# PROBLEM STATEMENT:
Leave the pictures out and restate every line below exactly.

# DATA PROVIDED:

+ + + + +

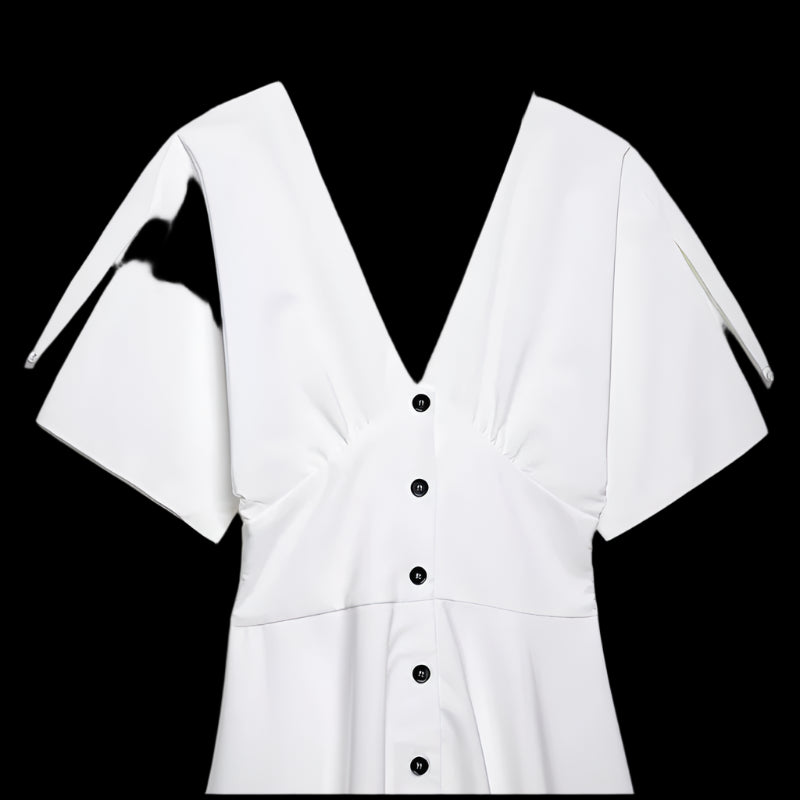 White blouse with black buttons on a light gray background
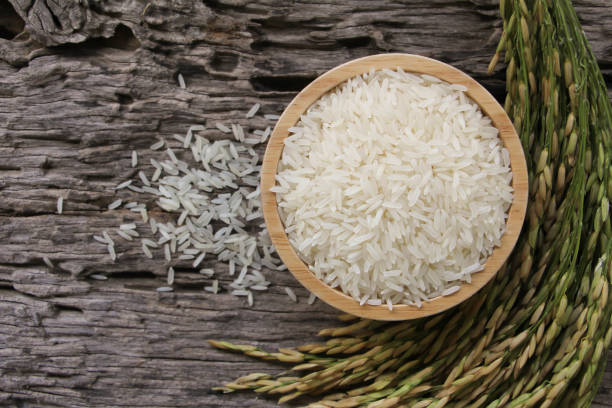 Thai Jasmine rice  (white rice) in wooden bowl and on wooden table. stock photo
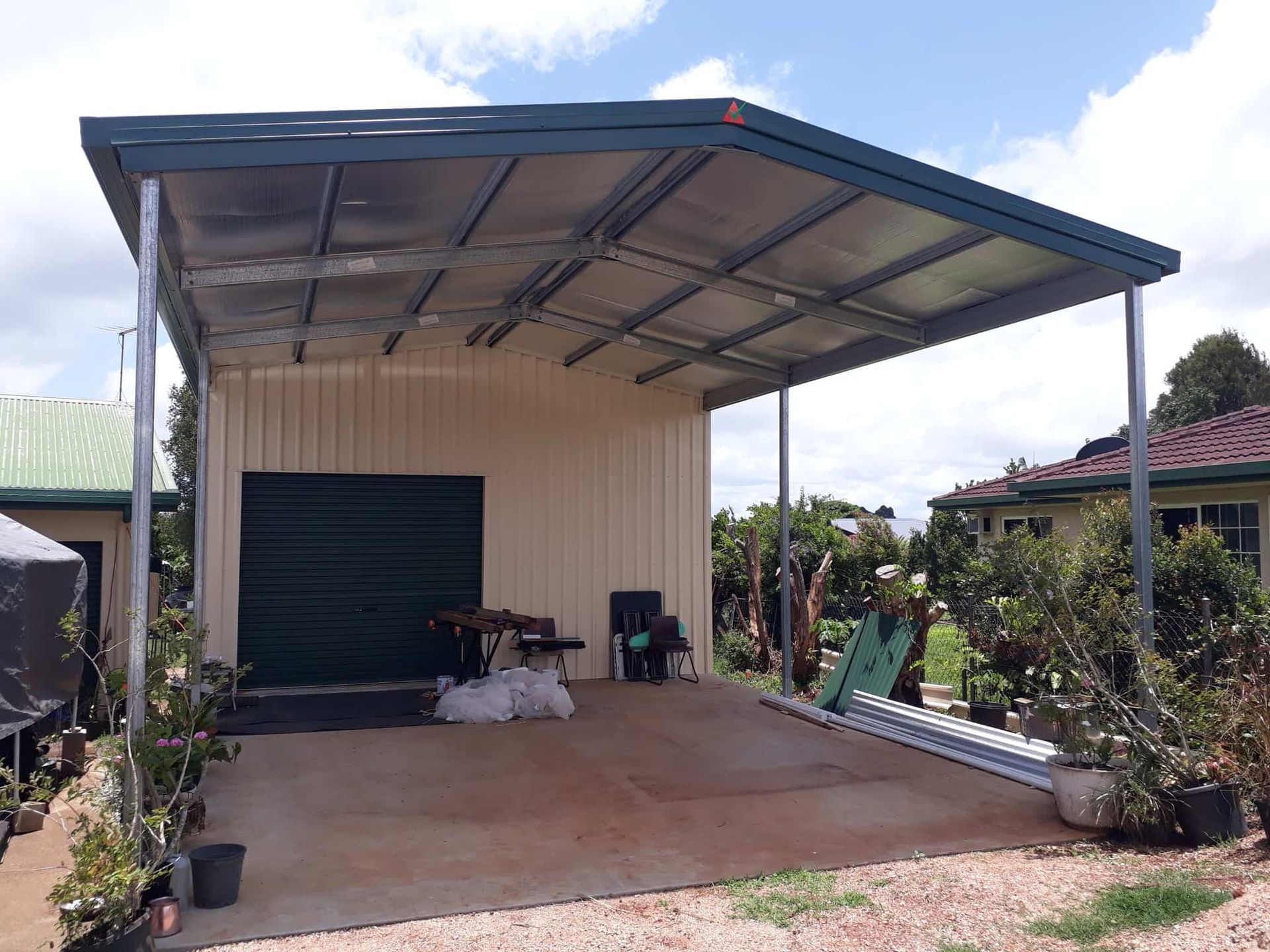 Carport Attached to a Garage With a Dark Green Garage Door — ShedBoss in Atherton, QLD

+ + + + +

# SOLUTION TO THE EXERCISE:
 White blouse with black buttons on a light gray background
 Thai Jasmine rice  (white rice) in wooden bowl and on wooden table. stock photo
 Carport Attached to a Garage With a Dark Green Garage Door — ShedBoss in Atherton, QLD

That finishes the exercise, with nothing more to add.